What Each Body Provides
The American Library Association sets professional standards for the field and accredits library and information science degree programs, so we look to it for questions about program accreditation, professional guidelines, and the structure of the profession itself.1 The Bureau of Labor Statistics publishes occupational and wage data for librarians, archivists, and related roles, including employment projections and median pay figures used throughout our career pages. IPEDS, housed within the National Center for Education Statistics, is the federal source for higher-education program data, including enrollment, completion, tuition, and institutional characteristics that anchor our state-by-state and program-level comparisons.
Why Primary Sources
When the same figure is available from both an originating body and a secondary aggregator, we go to the originating body. Government agencies and professional associations publish the underlying data, define the categories, and document their methods, which means a number from BLS or IPEDS carries context that a repackaged version often loses.
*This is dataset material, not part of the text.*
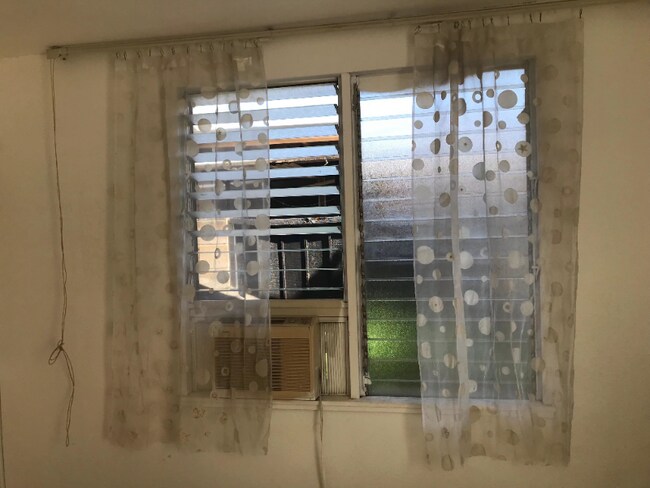 Building Photo - 95-174-174 Kahela St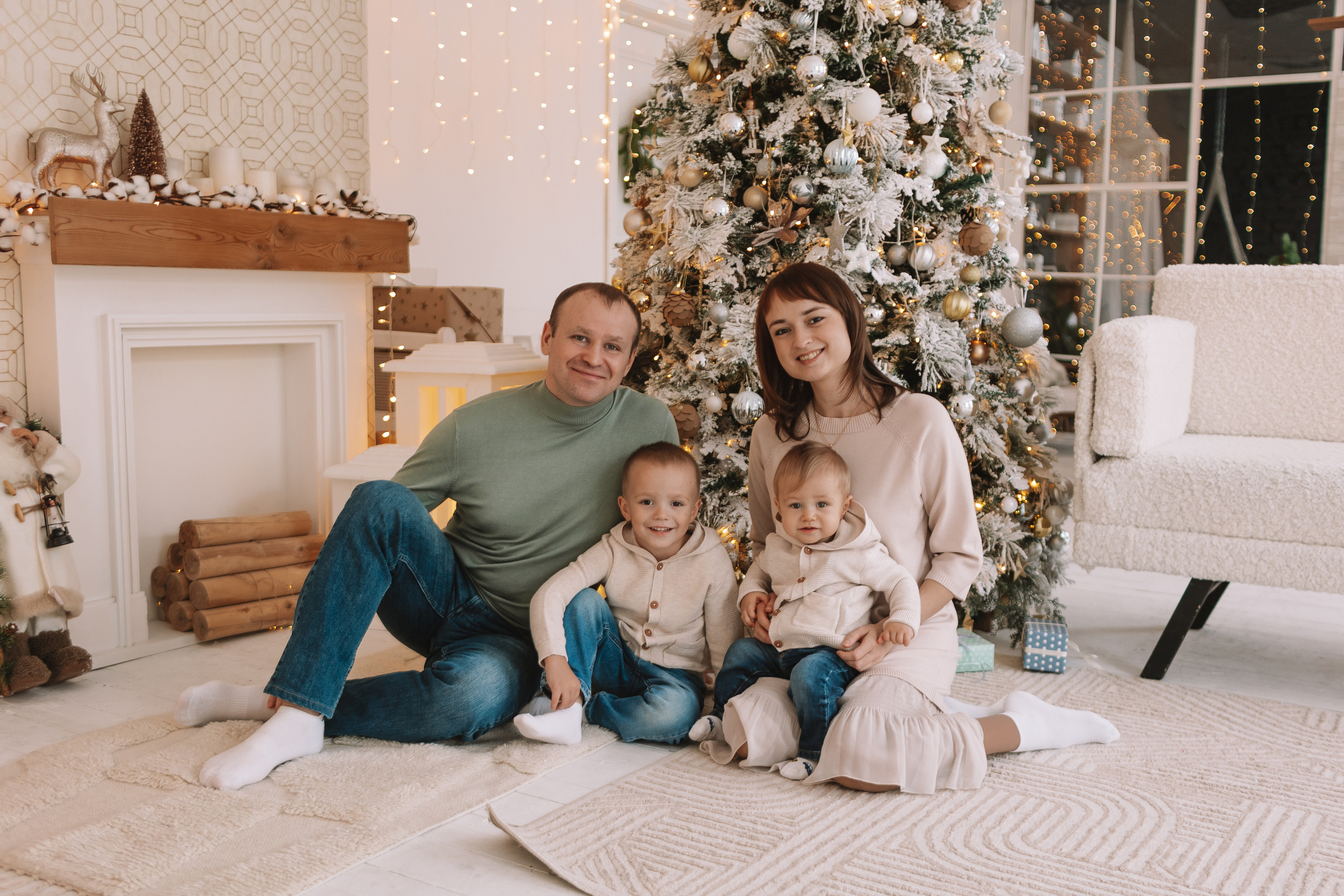 Студия Рояль (новогодняя). Семейный фотограф Тюмень, фотограф на роды Салмина Мария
Aggregators can be useful for orientation, but they sometimes round, relabel, or combine categories in ways that drift from the original definition.
Direct Consultation
For that reason, our writers and the MLIS Academic Advisory Team consult source material directly rather than paraphrase it through intermediaries. When we cite a wage figure, an accreditation requirement, or a program count, we want the figure on our page to match what the originating body actually publishes, using the same definitions and time frame the source applies.
Reach the Editorial Team
We treat reader feedback as a working part of how this site stays accurate. If you spot a figure that looks off, a program detail that no longer matches what a school publishes, a passage that reads as unclear, or context that seems out of date, we want to hear about it. You can send corrections, questions, or general feedback through our contact form, and a member of the MLIS Academic Advisory Team reviews what comes in.
What Helps Us Most
Specifics make a real difference. If you can name the article, point to the sentence or section in question, and briefly describe what seems wrong or confusing, we can route it to the right contributor and examine the underlying source. If you are flagging an outdated tuition figure, accreditation status, admissions requirement, or career outcome, a link or reference to where you saw current information is welcome but not required. We do our own verification before any change is made.
How We Use What You Send
Reader-flagged items are logged and weighed alongside the source-driven updates we already track when articles come up for review. Not every message results in a change, since some questions reflect differences in how schools describe their own programs, but every message is read and considered. We cannot offer individualized admissions advice or predict admission outcomes, and we do not place students with specific programs. What we can do is make sure the information on the page is as clear and current as the available sources allow, and your notes help us get there.